The expression of the cell-surface protein CD90 has been widely used to identify tissue-resident fibroblasts and/or mesenchymal stromal/stem cells in different tissues and organs. In this preprint, combining FACS with single-cell RNA-seq, the authors showed that CD90 expression was restricted to a particular FAPs subpopulation. Remarkably, CD90 positive (CD90⁺) FAPs and CD90 negative (CD90^–) FAPs exhibited distinct phenotypic and molecular signatures. CD90⁺ FAPs were bigger in size, proliferated faster, and displayed higher expression of extracellular matrix genes compared to CD90- FAPs. Glycolytic flux and maximal oxygen consumption were also higher in CD90⁺ FAPs compared to CD90- FAPs. These results suggest that at least two distinct FAP subpopulations are present in skeletal muscle and are distinguished by the expression of CD90/THY1. Since evidence of fibrosis was detected in skeletal muscle biopsies from patients with T2D, the authors compared the content of the CD90+, pro-fibrotic FAP subpopulation between patients with T2D and healthy controls. They found that the CD90+ FAP subpopulation was higher in muscles of individuals with T2D compared to non-T2D controls. Further, CD90+ FAPs from patients with T2D proliferated faster and had higher expression of COLLAGEN 1 compared to muscleCD90+ FAPs isolated from non-diabetic individuals. And lastly, the authors sought to pharmacologically target FAPs to prevent their excessive accumulation and fibro-fatty infiltration in muscles of T2D patients. Metformin is a usual first-line pharmacological approach to counteract T2D. Metformin treatment reduced the proliferation, oxygen consumption, and adipogenic differentiation of CD90+ FAPs but increased the glycolytic flux of these cells, suggesting a novel therapeutically targetable cellular mechanism to reduce intra/intermuscular adipose tissue deposition in T2D. Taken together, these findings describe two distinct FAP subsets in human skeletal muscles that participate in modulating the fibro-fatty infiltration of muscles in T2D, a highly prevalent condition in western countries.

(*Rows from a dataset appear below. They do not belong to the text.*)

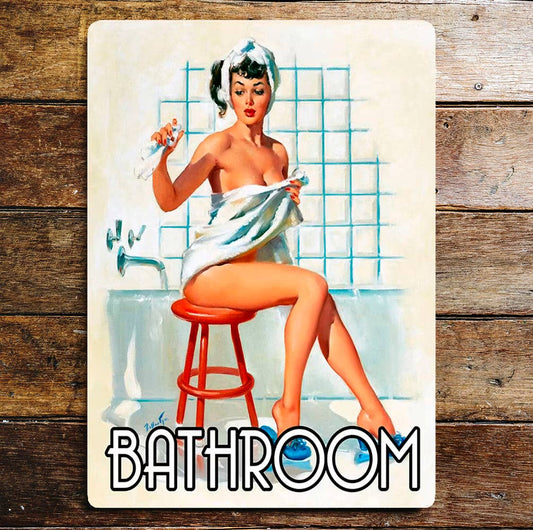 Bathroom Door Sign Pin Up | Metal Sign
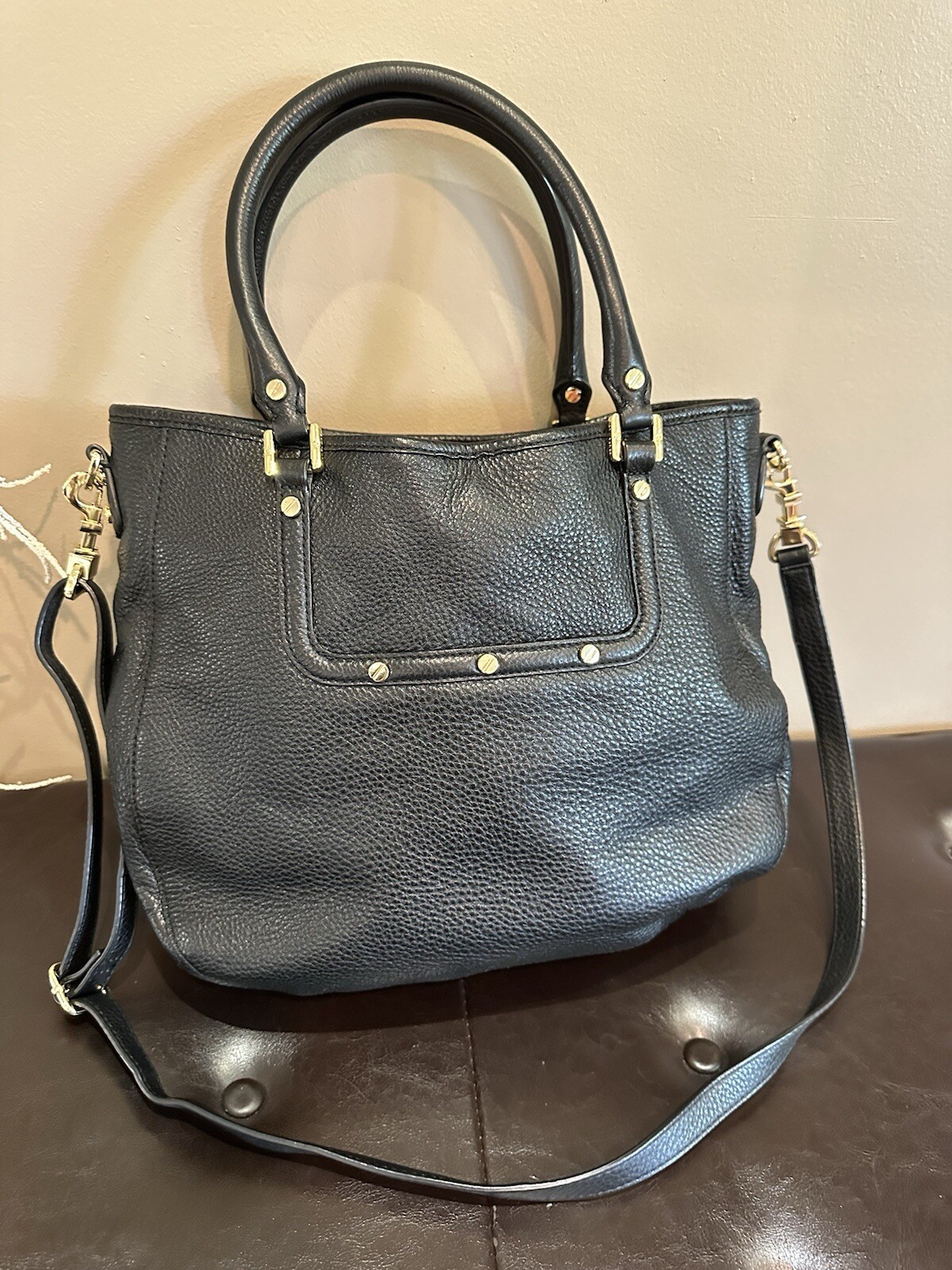 TORY BURCH AMANDA BLACK PEBBLED LEATHER CROSSBODY HOBO TOTE BAG Excellent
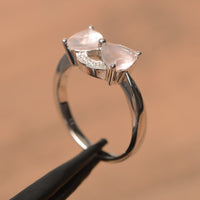 2.10 Ct Trillion Cut Rose Quartz 925 Sterling Silver Bowknot Promise Ring For her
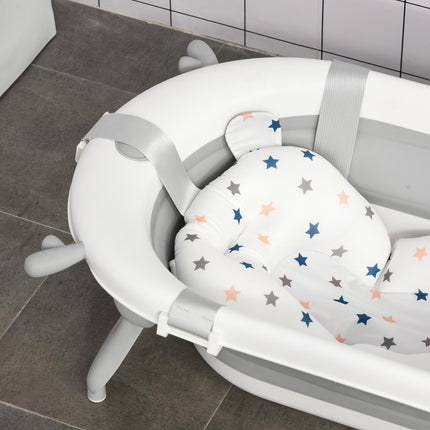 Foldable Baby Bathtub Set with Thermostatic Water Plug, Non-Slip Support & Cushion Pad for Newborn to 3 Years - Offwhite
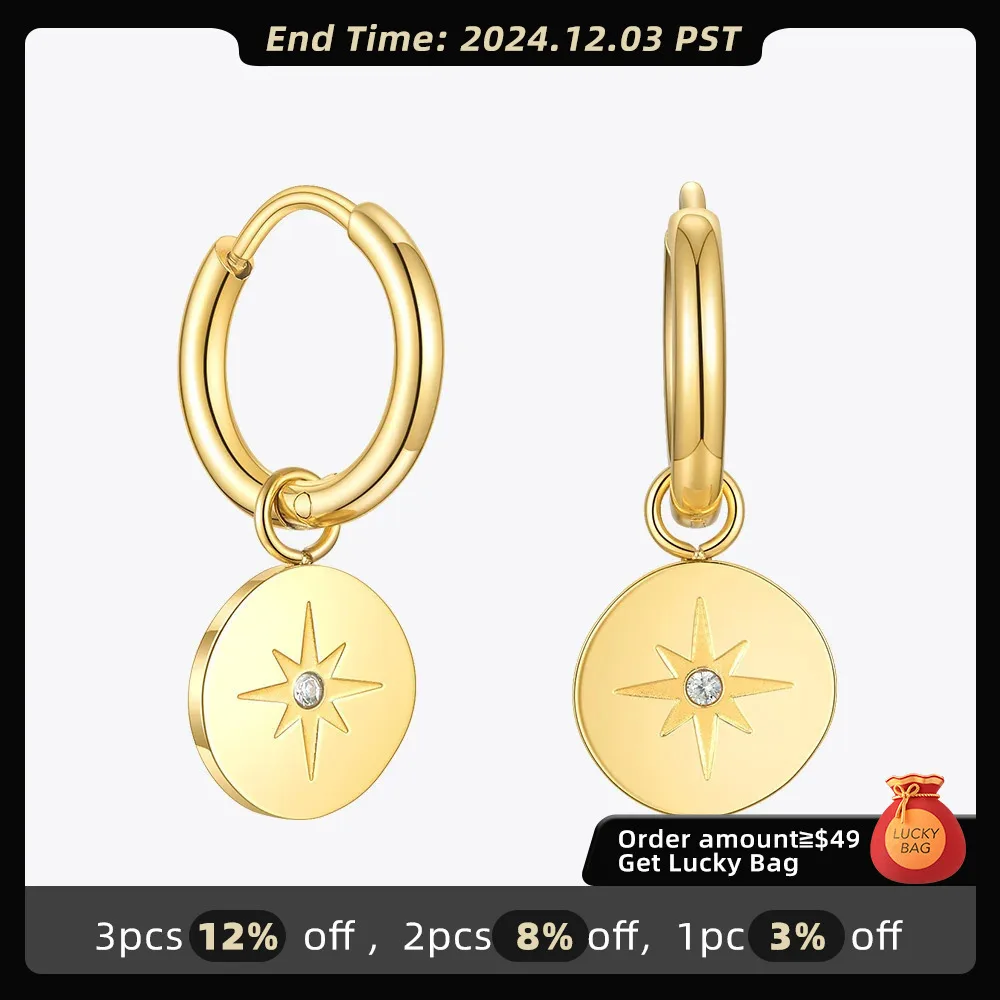 ENFASHION Circle Light Star Drop Earrings For Women Gold Color Earings Stainless Steel Fashion Jewelry Gift Pendientes E201208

Figure. Two major FAP populations described by Farup et al., 2020. CD90 positive (CD90⁺) FAPs and CD90 negative (CD90^–) FAPs exhibited distinct phenotypic and molecular signatures. These phenotypic differences shed new light on the role of these intriguing cells in modulating muscle degenerative fibro-fatty remodelling in the obese and T2D population.

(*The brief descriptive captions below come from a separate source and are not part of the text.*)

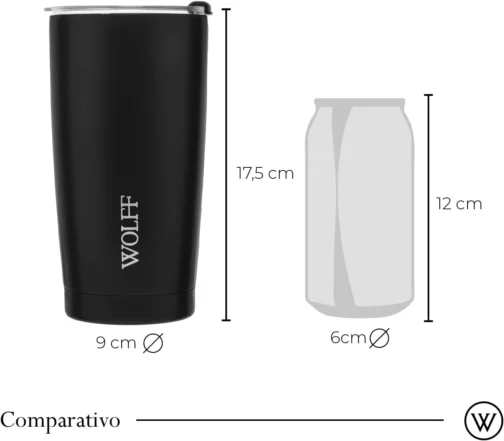 WOLFF - Copo Térmico de Aço Inox Parede Dupla Com Tampa 600ml Preto - Para Viagem - Mantém a Bebida na Temperatura Ideal - Imagem 7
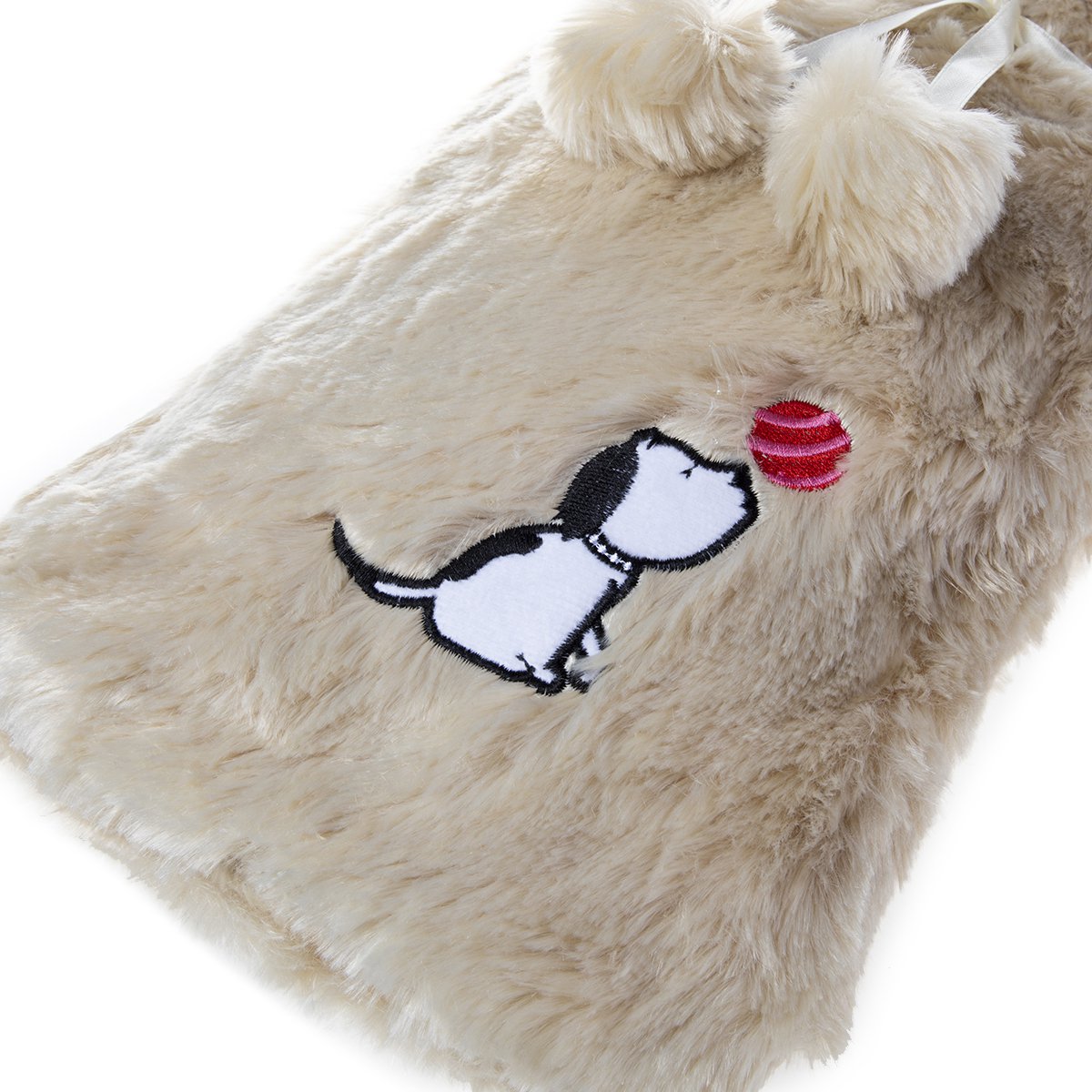 Biggdesign Dogs Beige Hot Water Bottle with Soft Plush Cover 68 OZ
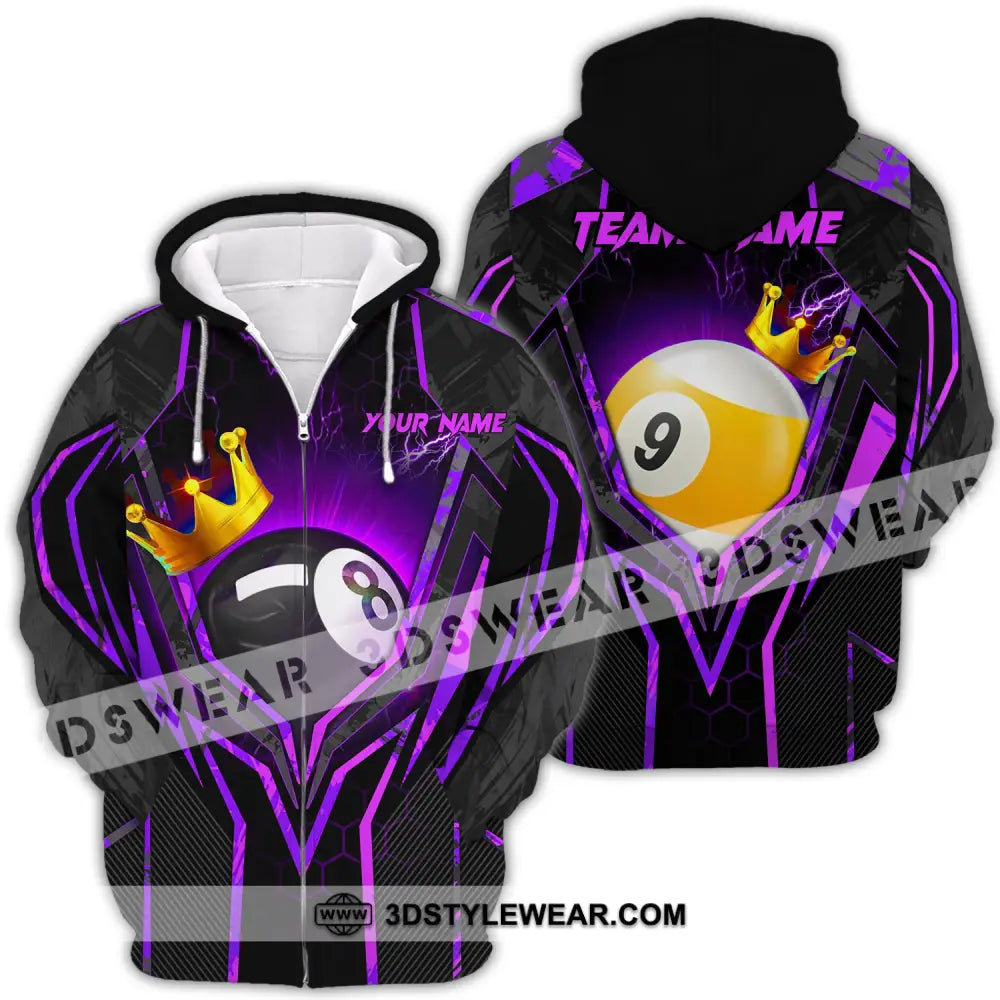 Unisex Shirt - Custom Name And Team Billiard Purple Line Crown Zipper Hoodie / S T-Shirt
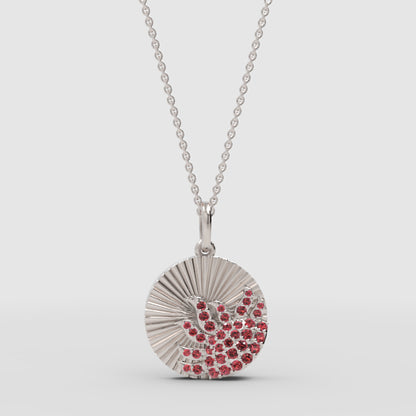 Ruby Sunburst Disc Pendant Necklace With Textured Rays - Three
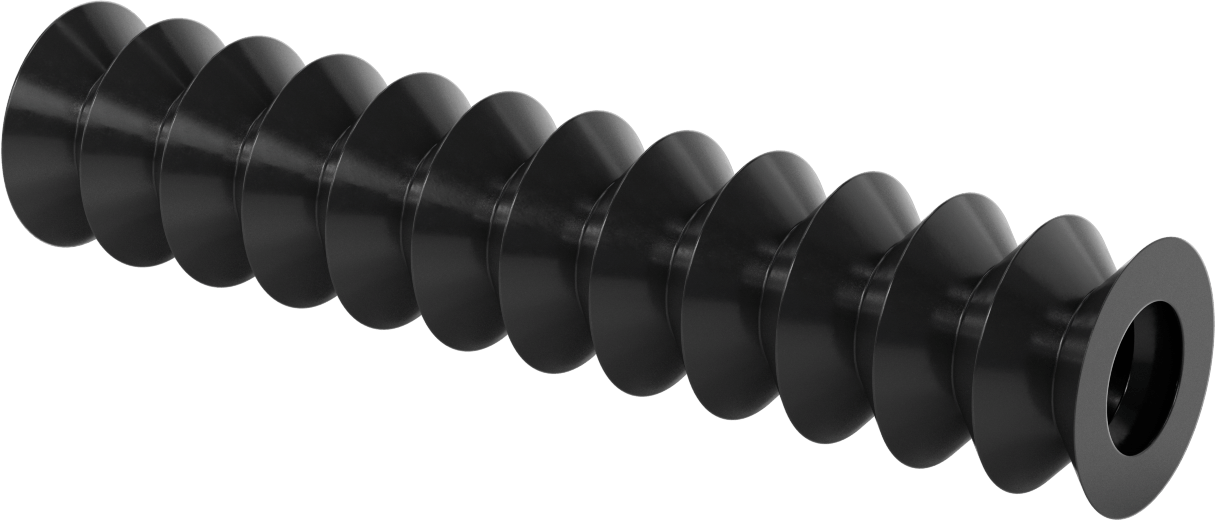 Yuvarlak Körük, Manşet Uçları ile, 1-3/8" ID x 2-1/2" OD, 1' Uzatılmış Uzunluk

What we liked of this preprint

The highlight of this preprint is the study of FAP heterogeneity in human muscle and how this diversity might impact skeletal muscle homeostasis. Since most of our understanding of tissue-resident FAPs comes from murine models, this study fills an important gap in our knowledge related to the role of FAPs in human degenerative disorders. Therefore, novel therapies targeting FAPs represent a promising strategy for preventing, testing and treating muscle degeneration in chronic metabolic disorders.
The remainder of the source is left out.